Model Predictions Step

If you are happy with the training results you can click Continue. This will begin the calculation for the Model Predictions step. This calculation will train a final forecasting model on the full historical data and produce a recursive forecast (for the number of time steps selected in the definition step).

If the model is quantity-based and you selected the elasticity calculation, using the forecast predictions with varying prices it will then calculate elasticity curves for each product for each date of the forecast. More explanations about the elasticity in Business User Reference (Optimization - Multifactor Elasticity) | Model Predictions Step.

The results are then displayed in the following tabs:

Overview Tab

This tab displays overall results for all products in a number of charts and tables.

The sum of the individual forecasts is shown as the Total forecast, much like on the Train and Test Forecasts Tab of the Model Training step. The difference here is that the green shaded area represents the future forecasted values.

If the elasticity calculation is set, the following portlets are also displayed.

  • Three histograms showing the distribution of R² scores, the simple elasticities, and the k values (for more details about k, refer Business User Reference (Optimization - Multifactor Elasticity) | Model Predictions Step).

  • A table showing the elasticity data for each product and date of the forecast is included.

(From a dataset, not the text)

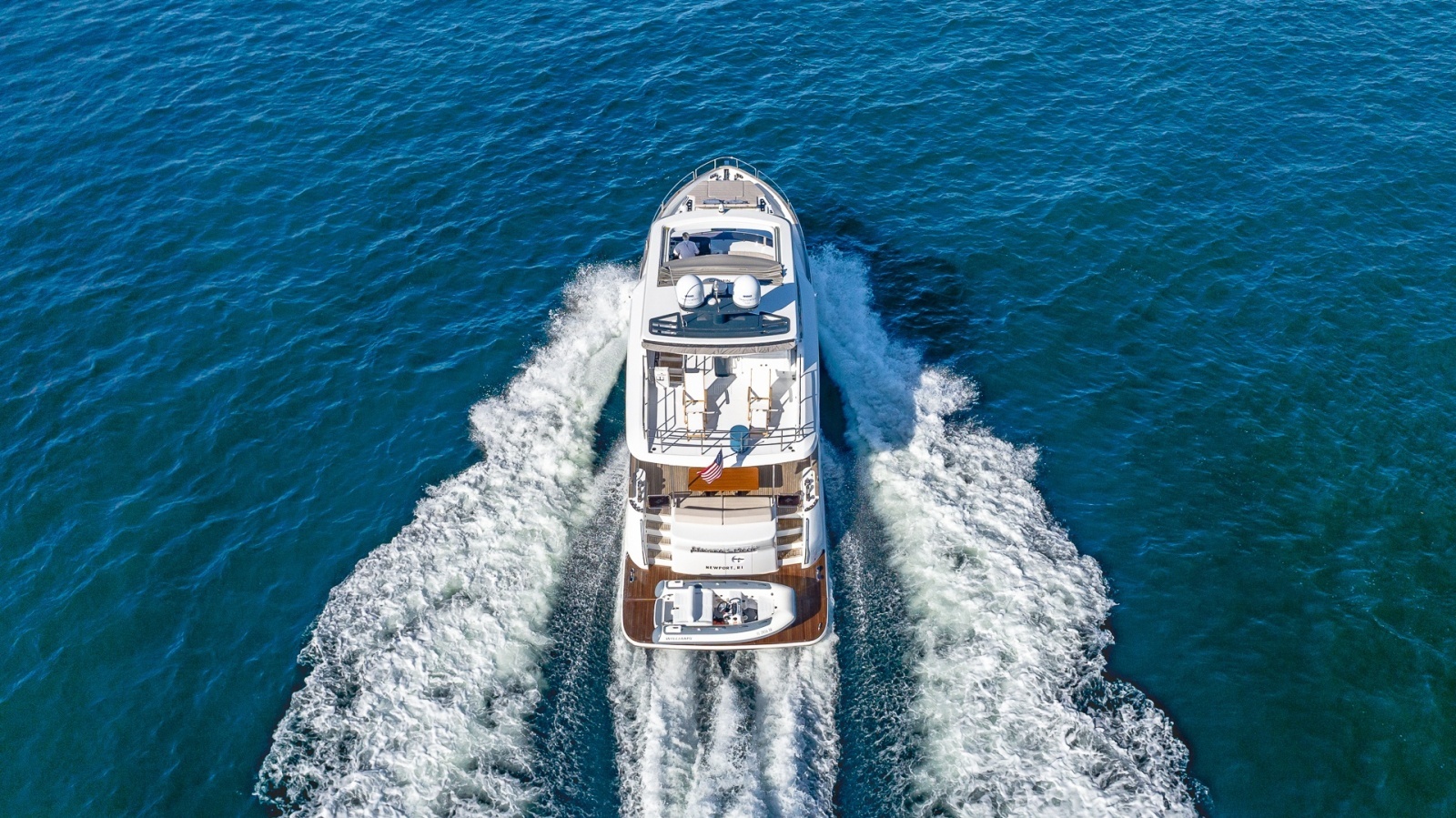 2023 Sirena Flybridge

  • If the fallback level is set, a second table showing the simple elasticity for each value of the selected fallback level. Products identified as part of the fallback are removed from the previous elasticity data table.

Details Tab

This tab displays the forecast at a detailed level, set by the user. The granularity level corresponds to the aggregation levels, plus the export key levels, both defined in the step Additional Configuration, tab Aggregation Levels (Business User Reference (Optimization - Forecast) | Aggregation Level Tab). As for the Overview tab, the green shaded area represents the future forecasted values.

If the elasticity calculation is set:

  • the elasticity data table, filtered on the user entries, is also displayed. This table may be empty if the product is part of the fallback products.

  • the user inputs include a date selection.

  • if the user selects a product and a date, the corresponding elasticity curve is displayed. The chart shows the raw model predictions and a fitted s-curve, showing the R² score of the fit in the chart title.

Export Forecast Step

If you are happy with the training results you can click Continue. This will begin the calculation for the Export Forecast step. You have defined the parameters for this calculation in the step Additional Configuration, tab Aggregation Levels (see Business User Reference (Optimization - Forecast) | Export parameters). The calculation saves the forecast data in a DataSource, accessible in the Data Manager. This Data Source contains the forecast data, at a product, customer (if defined) and date level. For each raw, the forecast metric is saved, the unit price and the second metric are calculated.

Once the calculation is done, the dashboard displays a single button which is a shortcut to the forecast DataSource.